The Niger State police command awaits the findings of the forensic
team, which came in the second day of the blast.

Almost every day
since the bombing, NEXT has called on the police to find out what
progress has been made, and has come to expect the stock reply, “We are
still investigating.” Yesterday, exactly one week after the bombing,
the state police public relations officer, Richard Adamu Oguche, said
that no real progress had been made in the case. “We have made no
arrests,” he said, matter-of-factly.

A few days ago, his
senior colleague Shola Amore, an assistant commissioner of police who
is also the force’s public relations officer, said he could not say
what progress had been made on the case because the case falls under
the jurisdiction of the Niger State police command. “Let me get back to
you after I speak to the police public relation officer in Minna,” he
said.

He didn’t, but that is not surprising since there was nothing to report.

Scene of the crime
There is none of the usual care which one has come to expect in a high
crime situation like this. When NEXT visited in the morning, although
there was a banner clearly demarcating the site where the bomb went
off, people were allowed to roam the grounds freely, effectively
contaminating evidence. Shoes, toothbrushes and even loaves of bread
merged with blood and sand.

A UN observer even
posed by the wall which was blasted when the bomb went off, and urged
his driver to take a series of photos of him, perhaps to send to his
sponsors in Europe as proof of his enterprise.

Asked what progress
had been made in the investigation, an assistant commissioner of
police, Kunle Asafa, who was there the following morning, replied, “I
am not an expert. The experts have come and gone,” he said.

The National Youth
Service Corps has also been circumspect. The NYSC coordinator in Niger
State, Dauda Daniel Dauda, recently said at a press conference that the
names of the 10 victims of the blast would be sent to INEC headquarters
for the payment of their indemnity. But he was also more concerned
about emphasising that two serving youth corps members died, because
the rest were no longer corps members since they had finished their
service and were only waiting to participate in the election as
officials.

The
director-general of the NYSC was similarly concerned enough to make
this distinction when he came to see the victims at the dilapidated
Suleja General Hospital where 39 people were rushed after the blast.
Muharazi Ismaila Tsiga told reporters that most of the dead were no
longer youth corps members as reported in the media. According to him,
“two of our serving members died and eight were injured.” He said the
rest were ex-service people.

Confusion
everywhere The impression that only two people died in the blast
worried reporters who have consistently reported a death rate of over
10. On the night of the blast itself, this reporter counted 11 dead;
the harried compound nurse, Martina Dawo, said that she saw 10 dead
bodies.

Mr Tsiga had not
visited the mortuary. Even as he spoke, the bodies of eight youth, six
of them female, were still lying on the mortuary ground, their noses
stuffed with cotton wool.
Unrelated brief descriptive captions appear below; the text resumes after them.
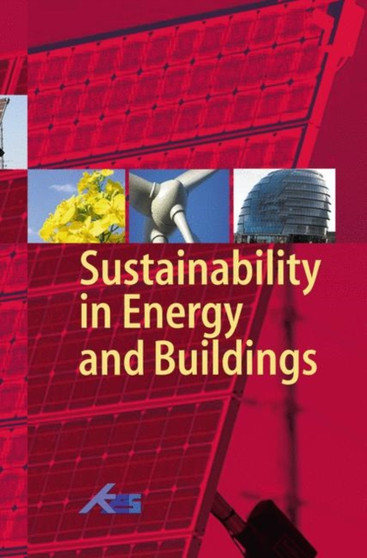 Sustainability in Energy and Buildings : Proceedings of the International Conference in Sustainability in Energy and Buildings (SEB'09) by Robert J. Howlett - Hardback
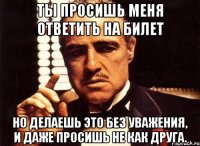 ты просишь меня ответить на билет но делаешь это без уважения, и даже просишь не как друга.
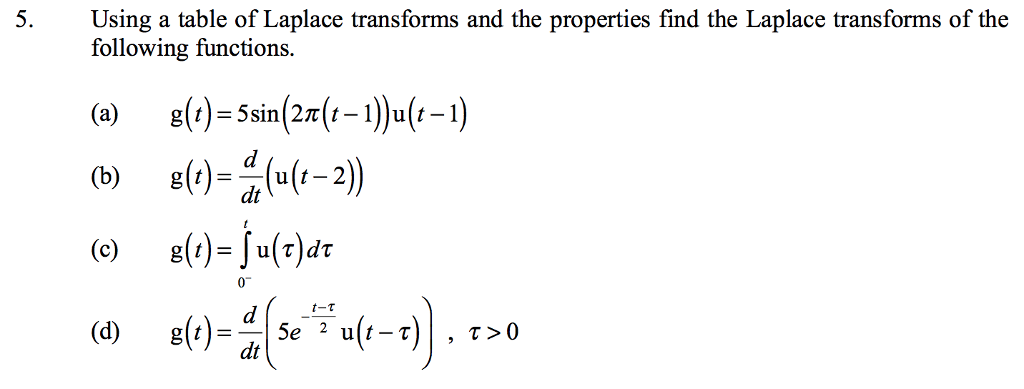 Solved 5. Using A Table Of Laplace Transforms And The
The mortuary attendant, who reluctantly gave
us access, said they were listed as ‘corpers’.

The Suleja hospital
was a sight to behold on the day of the blast. The place is simply not
equipped to handle such a catastrophe. The few doctors there strived to
dress wounds but most of the trauma was beyond them. A young man with
shattered limbs, who was placed on a bed as hospital staff arranged for
ambulance, fell off and died. There were too few ambulances to take the
more seriously injured to the hospital in Abuja; vehicles arrived too
late for some.

A lab specialist at
the hospital, Chris Okuludo, who looked quite dazed by the scene that
day, said, “It is not that our doctors are not good. But we don’t have
the equipment to treat this type of cases. And because of other
reasons, the ambulances arrived two hours after the patients came.” He
was also here one month ago when a bomb went off in Suleja during a PDP
rally. “This is worse,” he said. “This is more.” The hospital could not
even cater for the dead. “We don’t have a functional mortuary. Our
light here is not stable. We have no facility to embalm the bodies,”
said a doctor who prefered not to be named. “We are planning to move
the bodies to Gwagwalada Specialist Hospital.” Whodunit?

A police officer,
who did not want to be named, explained his theory of what happened. “I
think that what happened was this: As the corpers gathered by the wall
to check their posting, the bomb man who must have been carrying a bag
and passing by the fence dropped the thing on the ground, [on] the
other side of the wall, and took off.” Pressed for more detail, he said
he was not connected with the investigation. He also said the corps
members could have been saved if they had not been sent out of the
office area where the list was originally pasted. “They became too
rowdy and so the civil servants took the board with the list here by
the gate to avoid the nuisance,” he said.

At the hospital,
many of the grieving relatives of the victims seemed to think that
politicians were responsible. One of the victims, 26-year-old Aminu
Mojid who is a serving corps member said, “If these politicians wanted
to kill themselves they should go ahead. But why involve us? We are
just here to do our duty.” Even the Niger State acting attorney
general, Abdul Bawa, seemed to believe the bombing, like a previous
one, was politically motivated.

“This power that we seek is only going to last a short while anyway.
Why would they kill all these young people just because of elections?
It is tragic.” ‘We will go on’ Nearly every victim who survived the
blast and was interviewed said they had no regrets serving this nation.
“I have no regrets at all,” said Haruna Suleman from his hospital bed.
“We are only praying that this sort of thing should not happen again.
We need reorientation in this country.” Asked whether it was proper to
keep using youth corps members for election duties, Mr Tsiga responded
“Yes, of course. We will never allow the enemies of progress to
distract us. Corps members are Nigerians and we must continuously give
them the opportunity to ensure that Nigeria remains united.”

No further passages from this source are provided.